Excuses voor slavernij, maar ‘schuld is niet af te kopen’
Amsterdam ziet niets in herstelbetalingen als vervolgstap, na de excuses die burgemeester Femke Halsema donderdag namens het stadsbestuur maakte voor de rol die de hoofdstad speelde in het slavernijverleden. „Herstel heeft vele vormen”, meldt de gemeente in een toelichting. „Herstelbetalingen zijn daar een van, maar bijvoorbeeld ook het slavernijmonument, de jaarlijkse herdenking, de inzet op een nationale feestdag en een blijvende plek waar de geschiedenis verteld kan worden, een museum.”
Volgens het stadsbestuur is dit „geen schuld die je kan of moet willen afkopen”. In plaats daarvan zet de hoofdstad in op erkennen, verzoenen en „de ongelijkheid van nu bestrijden”.
Herstelbetalingen zouden ook allerlei problemen met zich meebrengen. Zo zouden mogelijk mensen worden uitgesloten die „hun relatie met slavernij en het verleden moeilijker of niet kunnen aantonen”, niet in Nederland wonen of „geen weet hebben van hun verleden”. Wat het stadsbestuur betreft, zou het uitkeren van een geldbedrag ook weinig bijdragen aan het tegengaan van „institutioneel en maatschappelijk racisme en achterstelling”.
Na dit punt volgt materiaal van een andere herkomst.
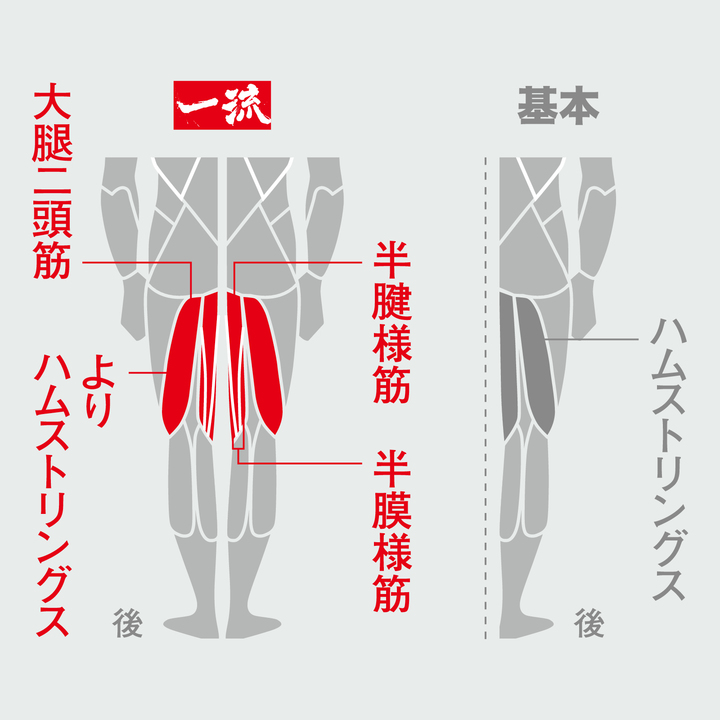 一流のレッグカール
De excuses zijn wat Amsterdam betreft niet vrijblijvend. Met het uitspreken ervan ontstaat voor het stadsbestuur „een extra verplichting om zich in te zetten voor enerzijds het vergroten van de kennis over en de erkenning van wat er tijdens het slavernijverleden gebeurd is, en anderzijds het bestrijden van de consequenties die voortvloeien uit de doorwerking van dit verleden: (institutioneel) racisme en ongelijkheid”.
Zoals Halsema ook al in haar toespraak uitlegde, is er een doorlopende lijn tussen vroegere bestuurders die betrokken waren bij de handel in mensen die tot slaaf waren gemaakt en het huidige stadsbestuur. „Het ging om een aantal rijke families die alle machtige posities in de stad bekleedden, zowel in het bestuur als in handelsorganisaties als de West-Indische Compagnie en de Vereenigde Oost-Indische Compagnie”, legt de gemeente uit.
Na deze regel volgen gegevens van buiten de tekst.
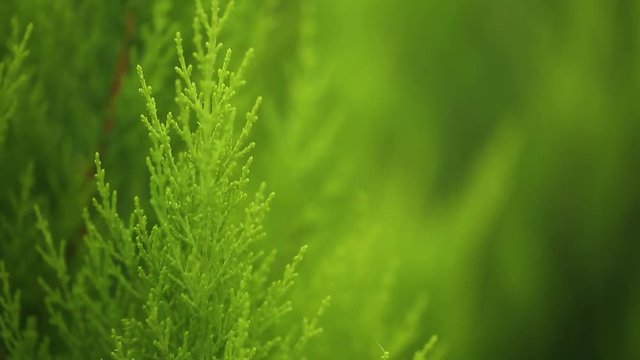 Beautiful green nature video background.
„Als bestuurder ben je formeel verantwoordelijk voor de daden van je voorgangers. Het is dan ook passend voor het zittende bestuur om excuses te maken”, vinden de burgemeester en wethouders. Los daarvan „voelt dit bestuur een morele verantwoordelijkheid om een gebaar naar de nazaten te maken, het gedane leed te erkennen en samen aan herstel te werken”.
Wethouder Rutger Groot Wassink (diversiteit) zegt dat het nu zaak is om verder aan de slag gaan. „Want excuus is nooit een eindpunt, het is altijd een begin.” Volgens hem worden de komende tijd gesprekken gevoerd in de stad en met bewoners over wat excuses over het slavernijverleden betekenen. „Maar ook: wat betekent de doorwerking ervan in racisme en uitsluiting.” Verder vindt hij dat er een nationaal onderzoek moet komen naar de rol van de landelijke overheid en hebben de vier grote steden aangegeven dat ze willen dat 1 juli een feestdag wordt.